There are some drawbacks to this approach: (1) the "completeness" of the implementation of the standard varies by site and/or EHR vendor (D’Amore et al 2014); (2) study teams must broker access through a secondary app such as Apple Health, Hugo, or 1upHealth; and (3) if a patient receives care in multiple healthcare systems, they must make multiple requests to receive all of their records. Despite this, there may be studies that can benefit from such an approach, for instance, a study on a rare disease with a small number of patients who receive care across multiple healthcare systems. Negotiating agreements with multiple systems is time-consuming, so it may be faster to engage directly with patients.

The research community has much to learn about best practices in engaging with patients to obtain data in this manner (including how to encourage high response rates and how to ensure access is provided for the life of the study), but it remains an encouraging possibility.
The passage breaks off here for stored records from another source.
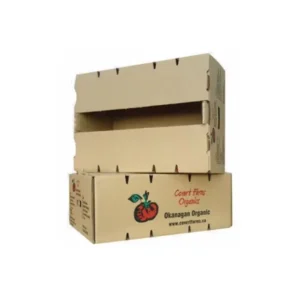 Customized Fruit Carton Packaging Big Orange Box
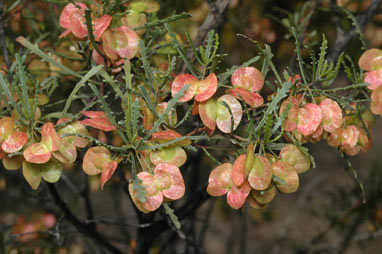 APII jpeg image of Dodonaea lobulata  © contact APII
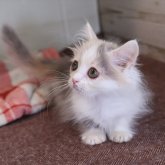 マンチカン(短足)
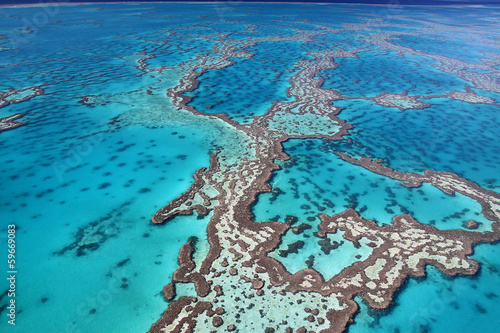 the magnificent great barrier reef of australia the magnificent great barrier reef of australia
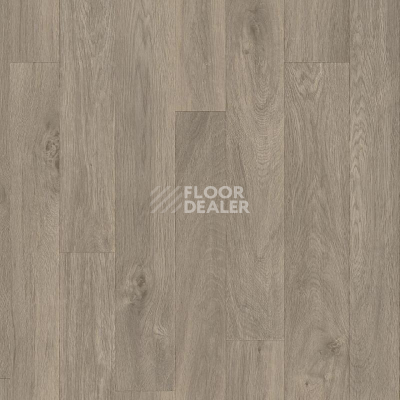 Линолеум Tarkett Titan CHESTER_2 фото 1 | FLOORDEALER
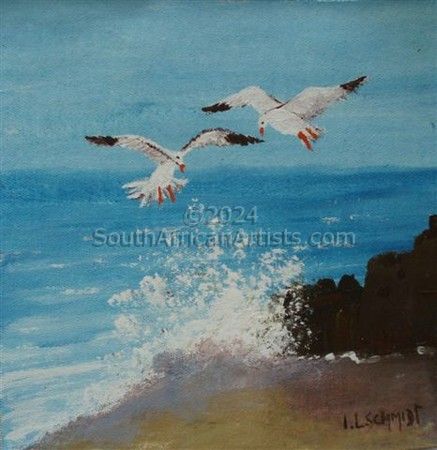 Seagulls & Rocks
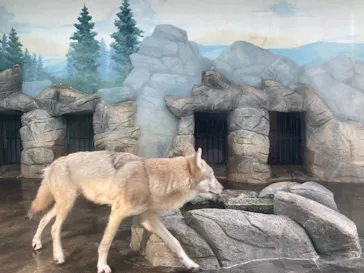 天王寺動物園に投稿された画像（2021/11/21）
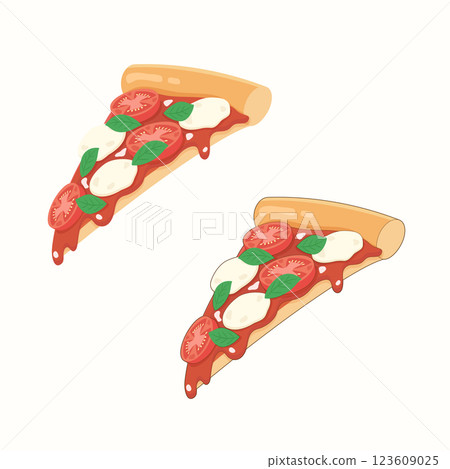 margherita pizza slice margherita pizza slice 123609025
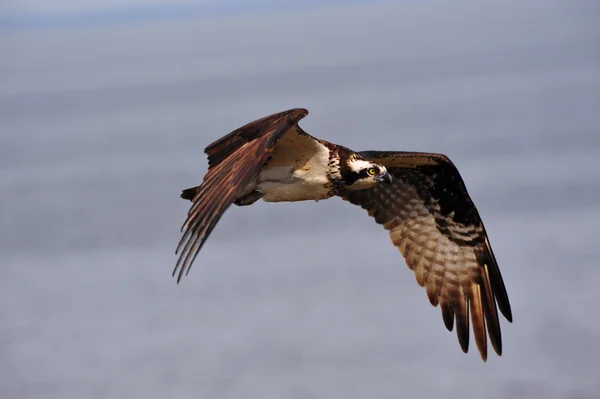 Osprey uçan — Stok fotoğraf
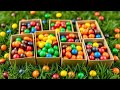 Sweets Oddly Satisfying!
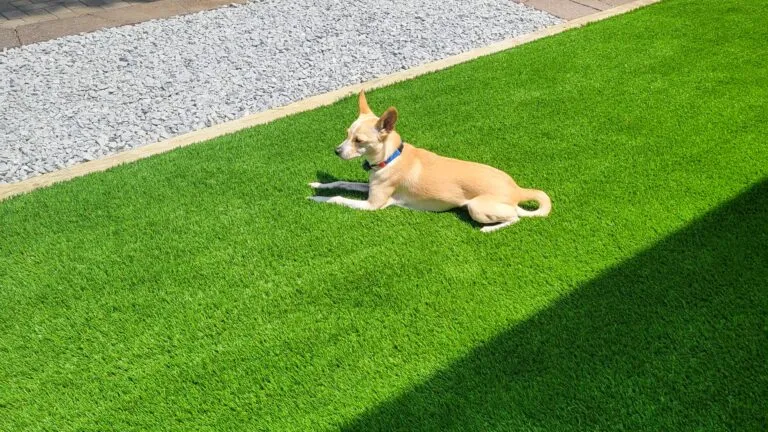 pet turf pricing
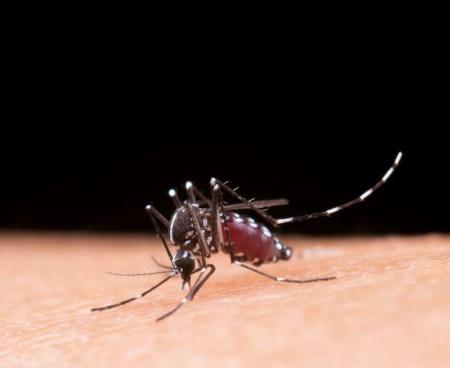 mosquito_freepik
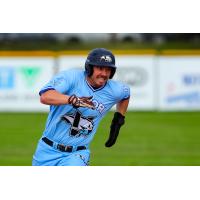 Victoria HarbourCats in action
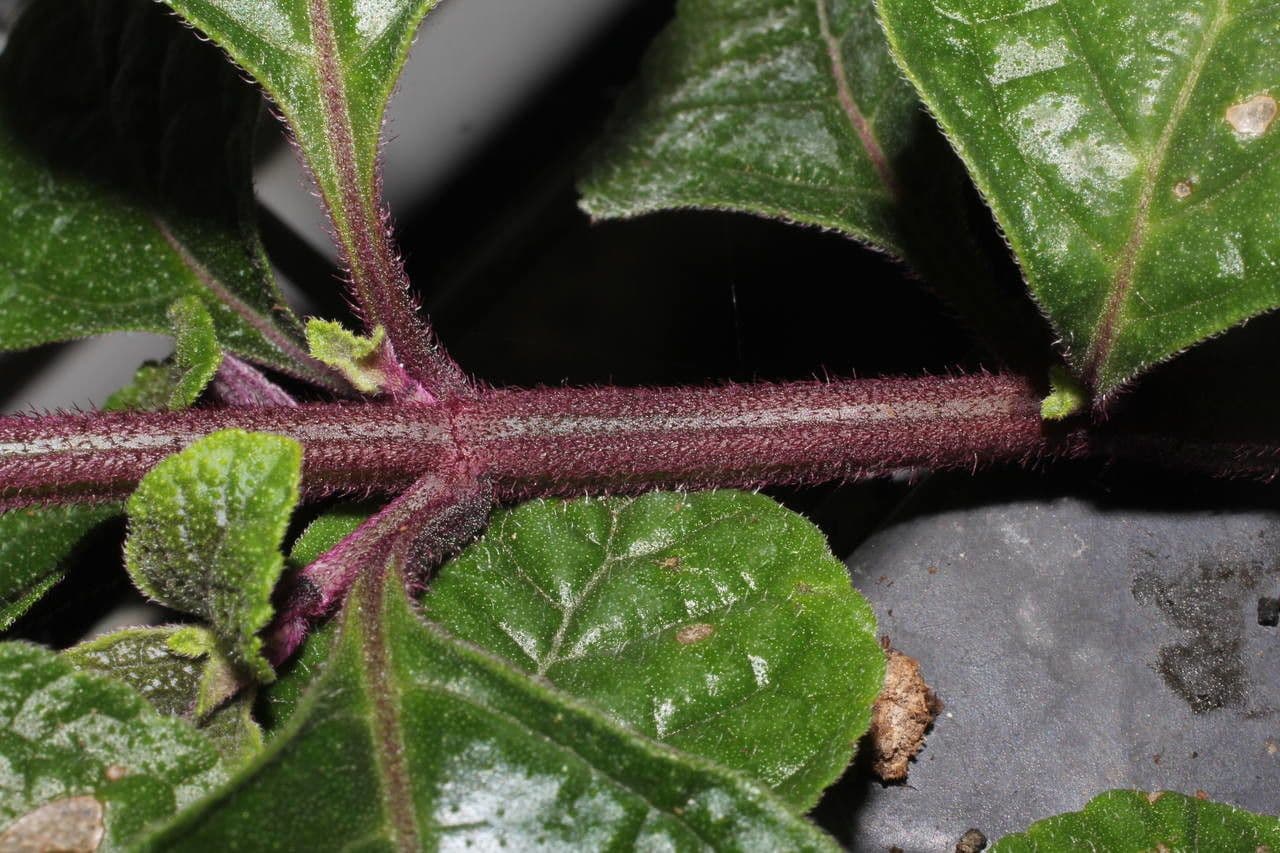 Plectranthus 20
Protected Computing Environments

Most academic medical centers and many healthcare organizations struggle with the need to provide access to clinical data for research while protecting sensitive data from EHRs and other systems. For this reason, many organizations set up protected computing environments, or limited-access platforms, where only individuals with the proper permissions can access data in a protected, secure environment that is separated from the rest of the network used for clinical and/or research purposes. (Another term for such a platform is a data or computing enclave.) In such an environment, users generally do not have the ability to download data to their local machines, access is provided via a remote or virtual computer, and analyses are contained within the protected space. In order to remove data from such an environment, users must go through an honest broker process, where the content is reviewed to ensure that it can be removed from the secure environment. For example, users may be able to transfer aggregate counts without additional approvals but may need special permission to remove patient-level records.

Examples of organizations that use protected computing environments include CMS and the Veterans Affairs, and they exist within many academic medical centers as well, such as PACE (Protected Analytics Computing Environment). When used as part of a pragmatic clinical trial, prospective study data can be uploaded into the computing enclave, linked with the relevant records stored there, and used in the resulting analysis. Summary or analysis datasets can then be downloaded by the study team. Despite these extra steps, there can be benefits to using a protected computing environment. In some cases, it is the only way to gain access to a particular data source, while in others, the data may be refreshed or updated more frequently, since it is not necessary to generate stand-alone flat files. As concerns grow about the organizational risk of sharing sensitive patient information, these protected environments are likely to increase in prevalence.

Real-world data have particular relevance to pragmatic clinical trials, as they generally represent data collected or generated in the course of routine operations. There are many different types of real-world data and different approaches by which to obtain them. However, real-world data sources are not interchangeable, and any given source may not be applicable for a specific study. As a result, care must be taken to ensure that the real-world data source aligns with the study in question and that the data are obtained in a format that support the proposed analysis.